Samstag, 16. Januar 2016

Rezension ~ Der Totenzeichner

Titel: Der Totenzeichner
Autor: Veit Etzold
Reihe: Clara Vidalis #4
Seiten: 429 Seiten 
Verlag: Bastei Lübbe 
Genre: Thriller 
Leseprobe



Inhalt:
In Berlin wird eine grausam zugerichtete Leiche gefunden. In die Haut des Opfers wurden seltsame Zeichen geritzt und das Herz fehlt. Clara Vidalis vom LKA Berlin glaubt die Zeichen schon einmal gesehen zu haben, kann sich aber nicht erinnern wo. Ziemlich schnell finden die Ermittler heraus, dass bereits vor Jahren ähnliche Verbrechen in Los Angeles begangen wurden. Ist der Täter von damals mittlerweile in Berlin angekommen?

Meine Meinung:
Ich hab schon viel Gutes von dem Autor gehört und habe daher zugegriffen, als ich diesen Thriller als Mängelexemplar gesehen habe. Auch wenn es der vierte Teil einer Reihe ist und ich die vorherigen Bände nicht gelesen habe, konnte ich der Handlung gut folgen.

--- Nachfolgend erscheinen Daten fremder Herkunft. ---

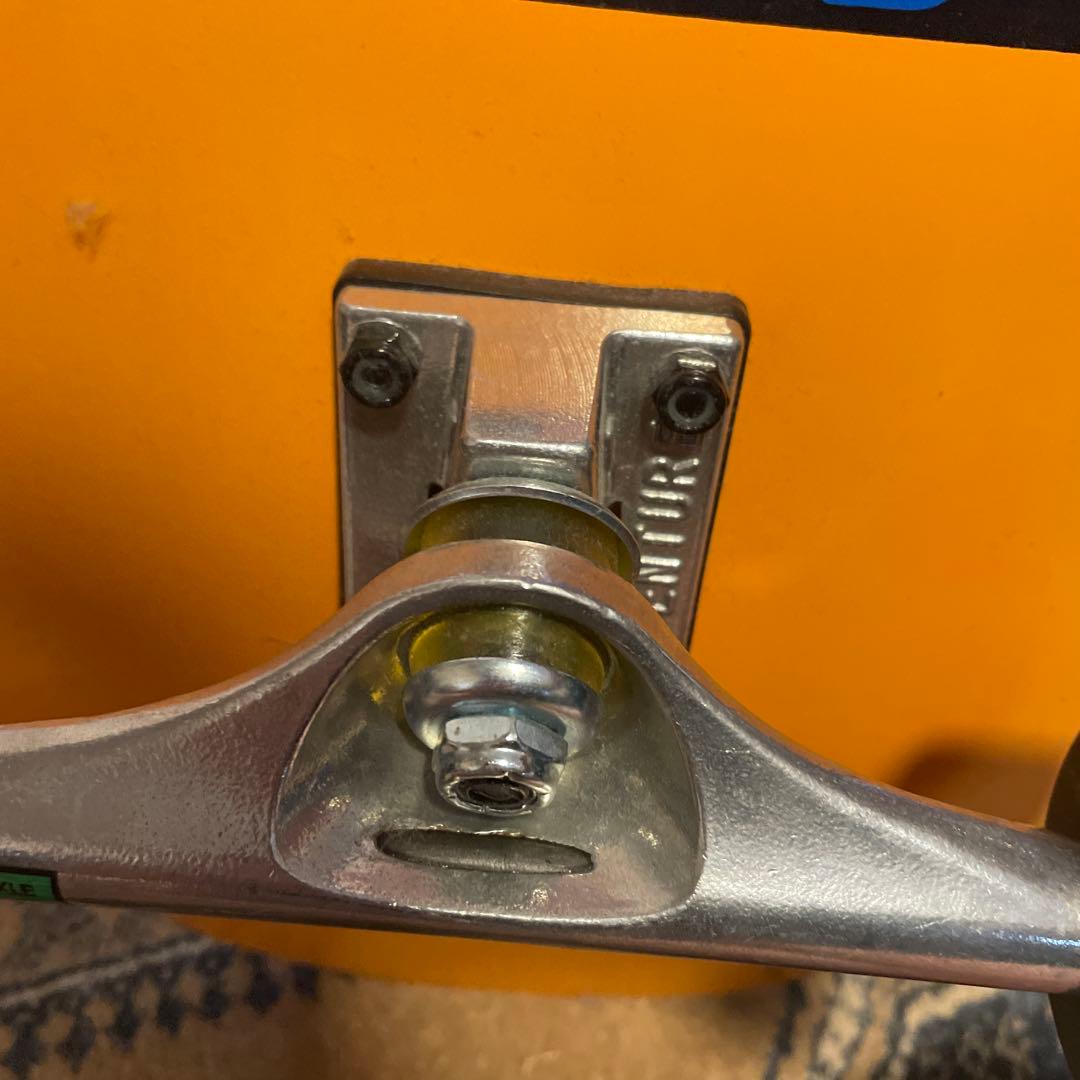 美品 Tired Skateboardスケートボード クルーザー コンプリート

Schon der Prolog beginnt ziemlich blutig. Man befindet sich mit den Ermittlern in Los Angeles, an einem blutigen Tatort. Ich habe im Großen und Ganzen kein Problem mit Blut, Gewalt und Folter muss aber zugeben, dass ich hier an zwei oder drei Stellen schon an meine Ekelgrenze gestoßen bin. Man sollte also wissen, dass dies kein leichter Thriller ist.

Die Handlung hat mir sehr gut gefallen und ich mochte auch die Charaktere sehr gern, sodass ich unbedingt die drei anderen Fälle von Clara Vidalis lesen möchte. Der Fall war zwar blutig und brutal, aber auch sehr spannend. Es geht unter anderem um Kannibalismus, worüber ich bisher noch nichts gelesen habe. Ich mochte auch die psychologischen Erklärungen die im Buch geliefert werden, auch wenn mich das echt hat Schlucken lassen. Wenn so etwas tatsächlich gängige Praxis in den USA ist… irgendwie bedenklich.

Womit ich stellenweise Probleme hatte, ist der Stil. Das fängt schon mit den englischen Phrasen an. Einfachste Sätze und Worte werden für den Leser übersetzt, aber Songtexte oder Gedichte am Anfang der Abschnitte, die ich persönlich für anspruchsvoller halte, wurden nicht übersetzt. Das fand ich sehr schade. Außerdem hatte ich teilweise das Gefühl, dass die Personen im Gespräch das vorher gesagte wiederholen. Ich konnte das schon in der Schule nicht leiden, wenn gewisse Leute aufzeigten, nur um in anderen Worten exakt das zu wiederholen, was eine Meldung vorher schon jemand gesagt hat. Das machen die Protagonisten hier genauso, was sich bei einem Dialog zwischen zwei Menschen recht seltsam liest.

Fazit:
Ein spannender Thriller, der zwar ziemlich brutal und blutig ist, mich aber durch ungeahnte Erklärungen und Zusammenhänge überzeugen konnte. Lediglich der Stil konnte mich nicht immer überzeugen.